## WHAT YOU SHOULD DO
Nothing but the text of the listing, repeated exactly, belongs in the answer; leave the images out.

## GIVEN MATERIAL
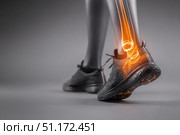 Leg with ankle joint pain icon. Foot wearing running shoes showing the bones in the ankle area. Grey floor. Feet with red effect of painful injury problems. Legs with anatomical detail glowing orange. Стоковое AI-изображение, AI-художник Марина Демидюк / Фотобанк Лори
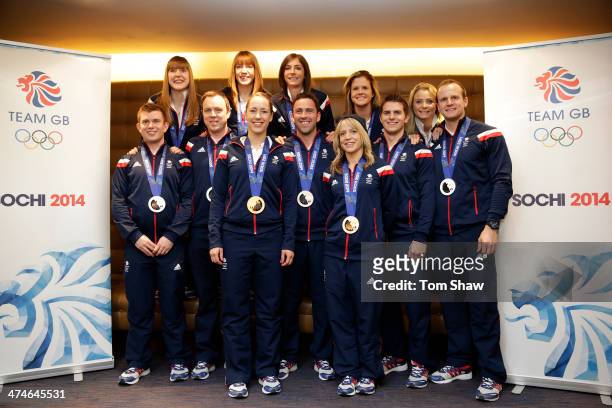 Team GB's medal winners including Lizzy Yarnold, David Murdoch and Eve Muihead pose for a picture during the Team GB Welcome Home Press Conference at...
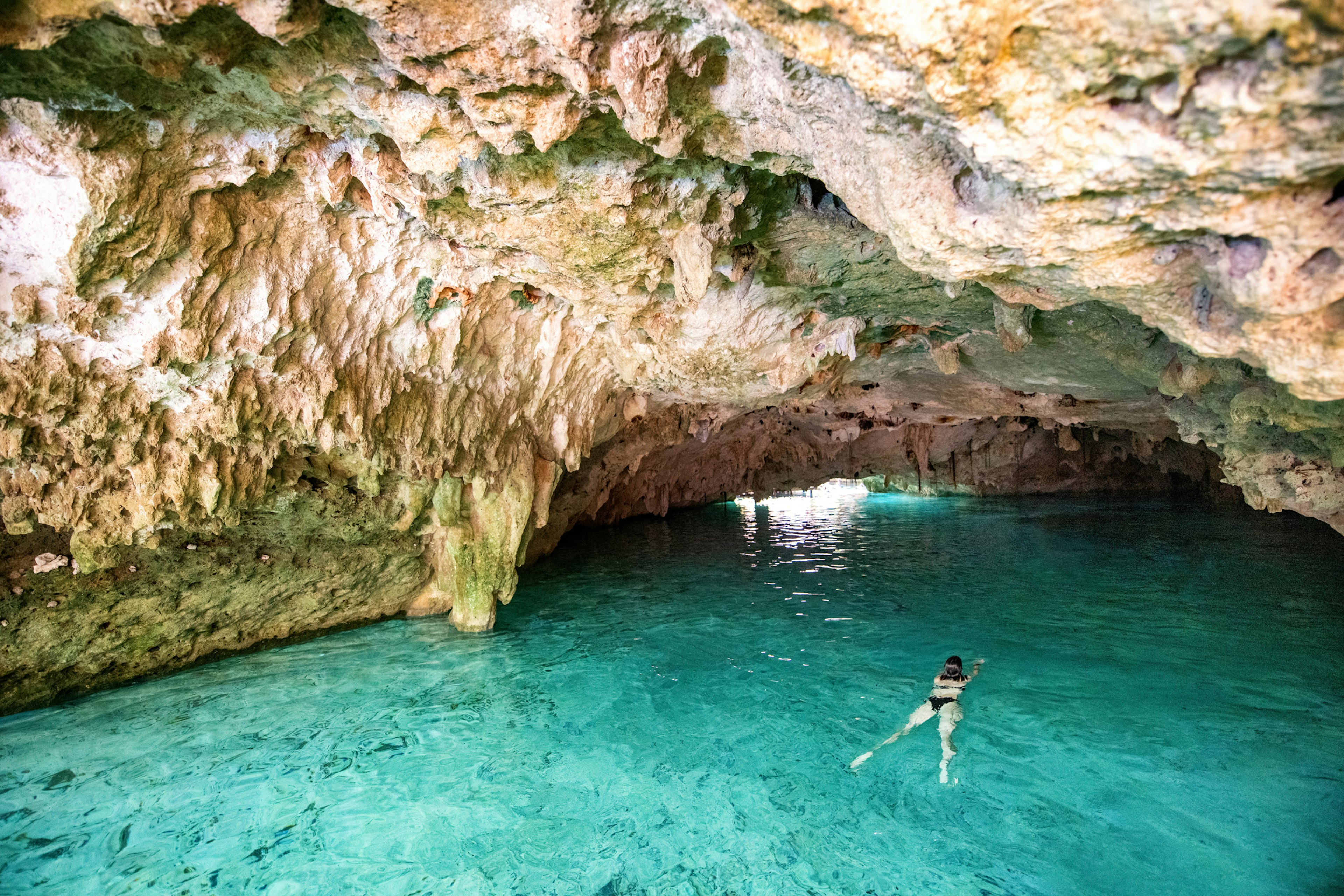 Woman swimming in freshwater in a cave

## ANSWER SECTION
 Leg with ankle joint pain icon. Foot wearing running shoes showing the bones in the ankle area. Grey floor. Feet with red effect of painful injury problems. Legs with anatomical detail glowing orange. Стоковое AI-изображение, AI-художник Марина Демидюк / Фотобанк Лори
 Team GB's medal winners including Lizzy Yarnold, David Murdoch and Eve Muihead pose for a picture during the Team GB Welcome Home Press Conference at...
 Woman swimming in freshwater in a cave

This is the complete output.